Methods: 452 hormone receptor (HR)-positive and HER2-negative patients were recruited (N0, N1). Physicians provided initial therapy recommendations based on clinicopathological factors. After prospective risk classification by MammaPrint/BluePrint was revealed, post-test treatment recommendations and actual treatment were recorded. Decisional Conflict and anxiety were measured by questionnaires.

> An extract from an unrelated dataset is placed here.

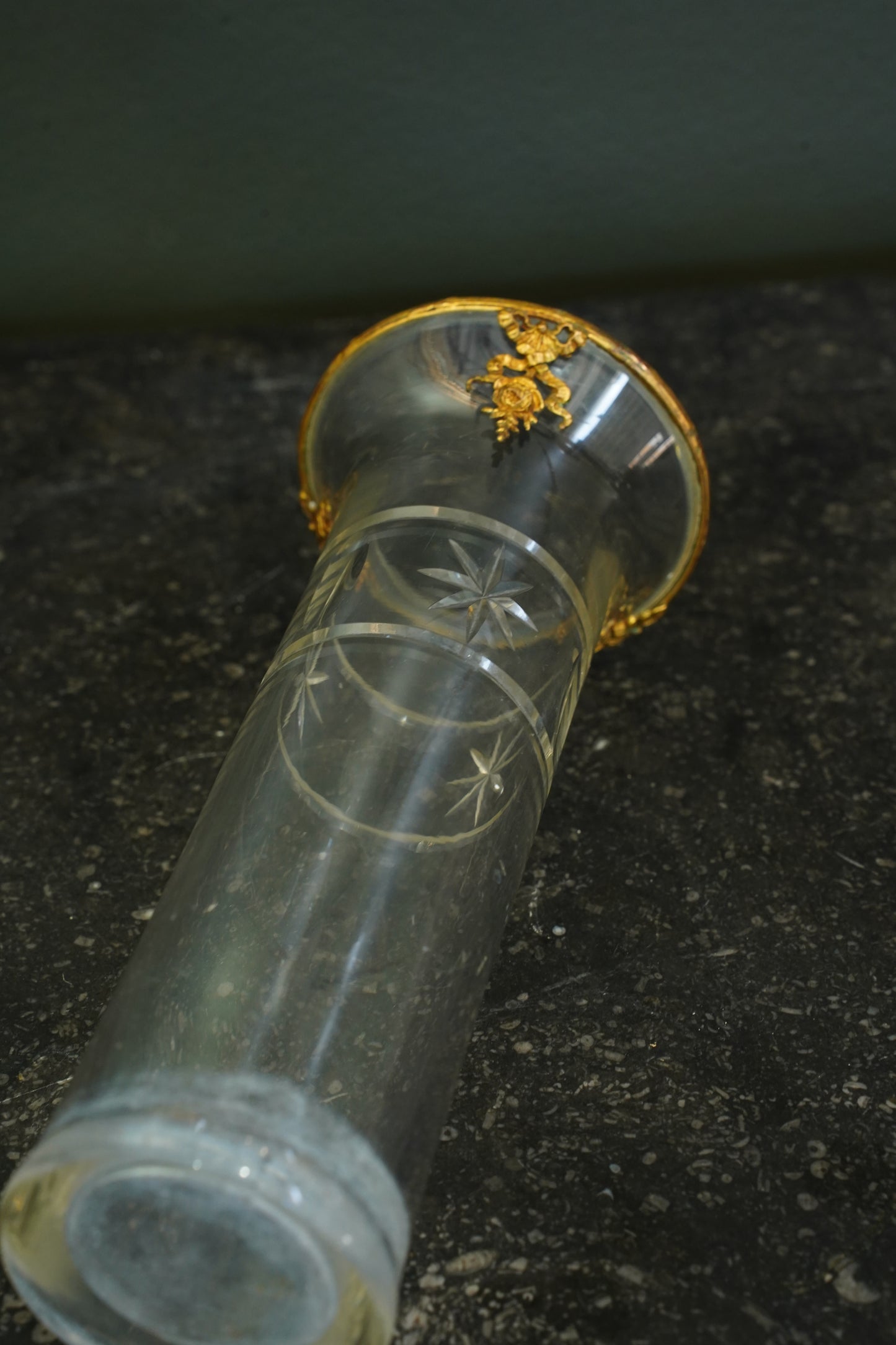 French Gilt Brass Mounted Cut Glass Vase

Results: Post-test switch (in chemotherapy (CT) recommendation) occurred in 29.1% of cases. Overall, physician adherence to MP risk assessment was 92.3% for low-risk and 94.3% for high-risk MP scores. Adherence was remarkably high in "discordant" groups: 74.7% of physicians initially recommending CT switched to CT omission following low-risk MP scores; conversely, 88.9% of physicians initially recommending CT omission switched to CT recommendations following high-risk MP scores. Most patients (99.2%) recommended to forgo CT post-test and 21.3% of patients with post-test CT recommendations did not undergo CT; among MP low-risk patients with pre-test and post-test CT recommendations, 40% did not actually undergo CT. Luminal subtype assessment by BluePrint was discordant with IHC assessment in 34% of patients. Patients' State Anxiety scores improved significantly overall, particularly in MP low-risk patients. Trait Anxiety scores increased slightly in MP high risk and decreased slightly in MP low-risk patients.

Conclusions: MammaPrint and BluePrint test results strongly impacted physicians' therapy decisions in luminal EBC with up to three involved lymph nodes. The high adherence to genetically determined risk assessment represents a key prerequisite for achieving a personalized cost-effective approach to disease management of early breast cancer.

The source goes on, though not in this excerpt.